# Problem
Leave the pictures out and write out the rest of the listing word for word.

# Source material
######
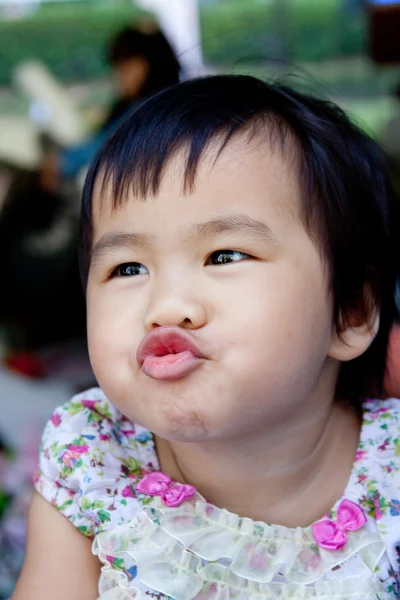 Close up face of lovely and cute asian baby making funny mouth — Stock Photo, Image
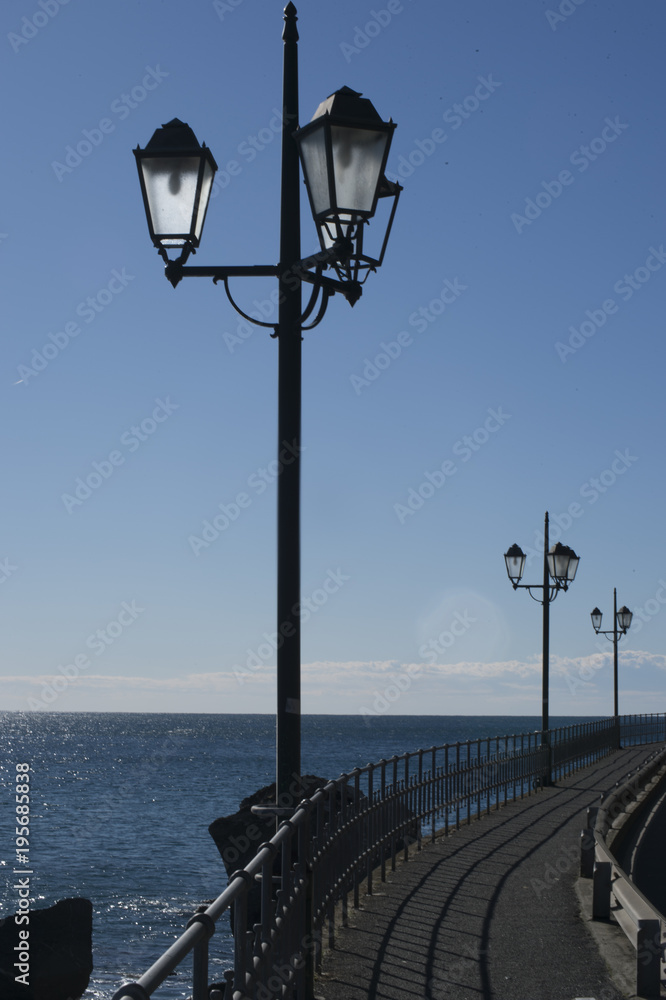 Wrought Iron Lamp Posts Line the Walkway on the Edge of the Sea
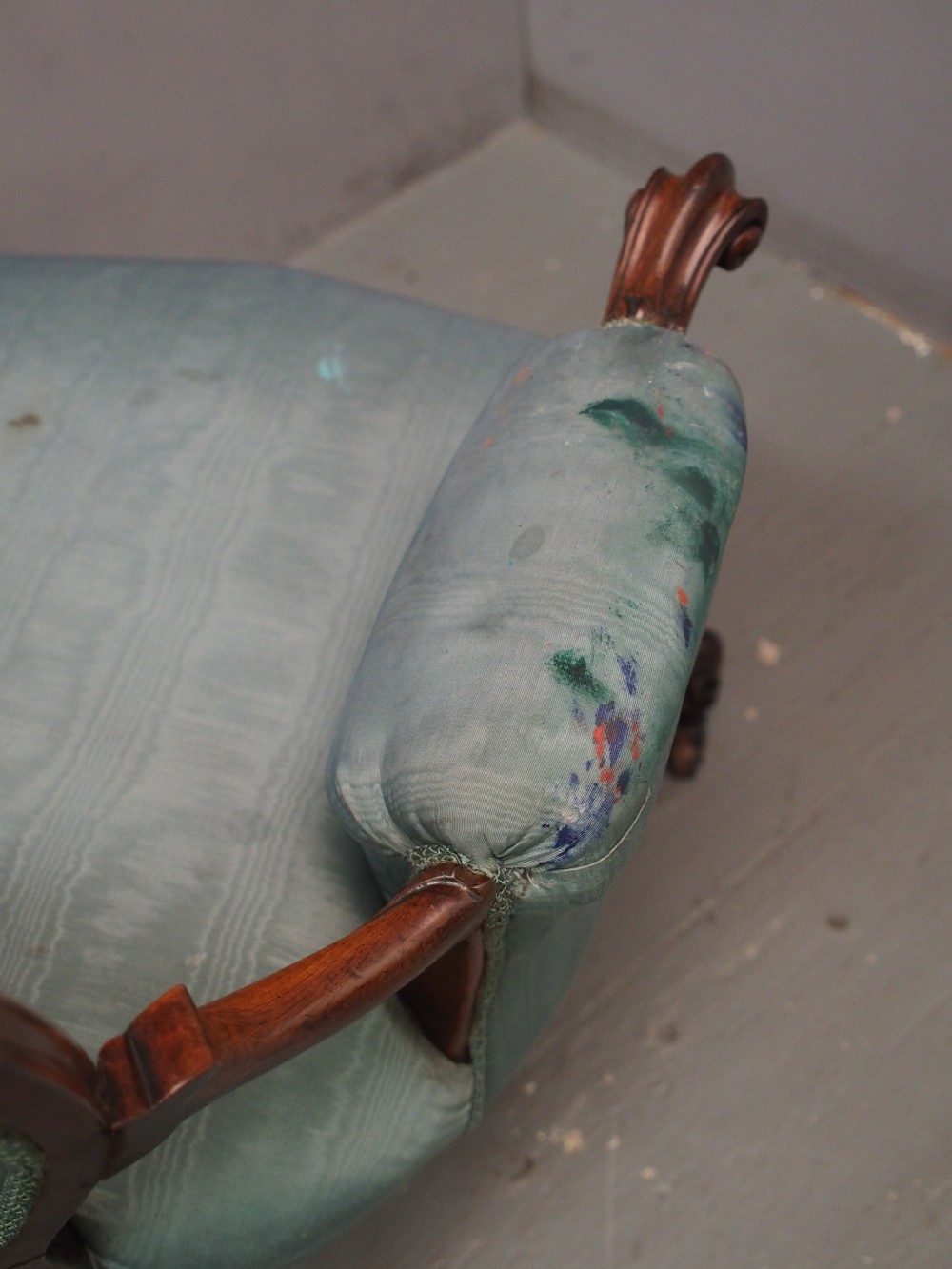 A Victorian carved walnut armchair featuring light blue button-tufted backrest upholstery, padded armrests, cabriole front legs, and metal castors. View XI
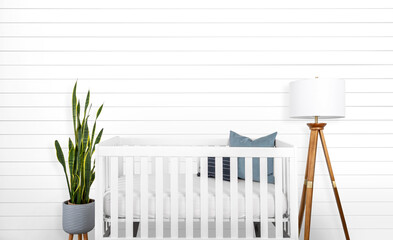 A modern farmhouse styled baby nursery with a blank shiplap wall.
######
# Solution
 Close up face of lovely and cute asian baby making funny mouth — Stock Photo, Image
 Wrought Iron Lamp Posts Line the Walkway on the Edge of the Sea
 A Victorian carved walnut armchair featuring light blue button-tufted backrest upholstery, padded armrests, cabriole front legs, and metal castors. View XI
 A modern farmhouse styled baby nursery with a blank shiplap wall.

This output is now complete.